We went into a school on Monday, four researchers, nay, five of us, following nearly a dozen kids as they struggled to understand these 'isms'. Eleven students, either in year 12 or about to start year 12, came along to the workshop day, most of them having studied their teacher, Gary's, pencasts. He'd put the pencasts together a day or two earlier, and emailed them to read them. One student was in the classroom reading a pencast off her mobile device. Another complained that she couldn't watch it and listen on a mobile device, so I guess they could get only the pdf form. But they did like these pencasts, and saw them as something to watch, read and study independently, without having to be in the classroom, but also that they liked the familiarity of their teachers' voice, a personality that they knew.

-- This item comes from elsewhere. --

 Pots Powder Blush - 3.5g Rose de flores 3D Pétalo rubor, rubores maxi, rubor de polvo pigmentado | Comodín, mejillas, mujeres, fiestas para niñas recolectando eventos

Eleven students made up three groups of two fours and a three. One group of four was all boys, the group of three was all girls, and the last group was mixed. The adults included:
- the teacher,
- our lead researcher, Anne,
- the OU research associate, Gill who'd put together the tricky topic tool, about which more anon,
- Liz who once worked for Catcher Media,
- Canan who felt rotten ill and took notes and films all day,
- Aba-Sah from Birmingham who wanted to provide table top software of the storyboard.
Then we gave the run down on what the project was about - that the EU funded it and so on, during which they looked blank, bored or fazed. To enthuse them, we showed a five minute video on juxtaposing, but it confused not enthused, and needs remaking. A new draft is available already at https://vimeo.com/99420903 with the password 'Juxtaposing', and a further version at https://vimeo.com/101430106. Students were raring to go, ready to write, and though they didn't need the video but were polite about it, and it did give some of them some ideas. Perhaps theatre studies students see themselves as creative already.
They sat around in their groups on the floor of what I assume is the drama studio, a dark room with black out blinds on the window - a shame because it was a beautiful day, and perhaps we should have opened the blinds in the morning, though later people were using the room to put their performances together. They sat and talked. Within half an hour, ideas were flowing, multi-coloured penned words represented abstract ideas on the all-girls paper, biro crossings-out and stick men on other papers. Then things slowed down, with little more action, apart from the odd late comer, student or researcher arriving. Gary told them they had half an hour more, no - only thirty minutes - and they had to be on to pre-production by then, allocating roles and sourcing assets. They all groaned, but funnily enough within ten minutes were up and off, each student group with an OU borrowed flip video camera, and some with a tripod. I suspect they were stuck creatively, and what they need is to do something active, try it out, find it doesn't work and return to the storyboard, which to some extent is what they did, except that they didn't return to the storyboard, One group rather than spoil the storyboard, wrote on the back of the paper (the prompts were originally on the back - why weren't they? Wasn't the paper printed double sided?) and kept changes in their heads!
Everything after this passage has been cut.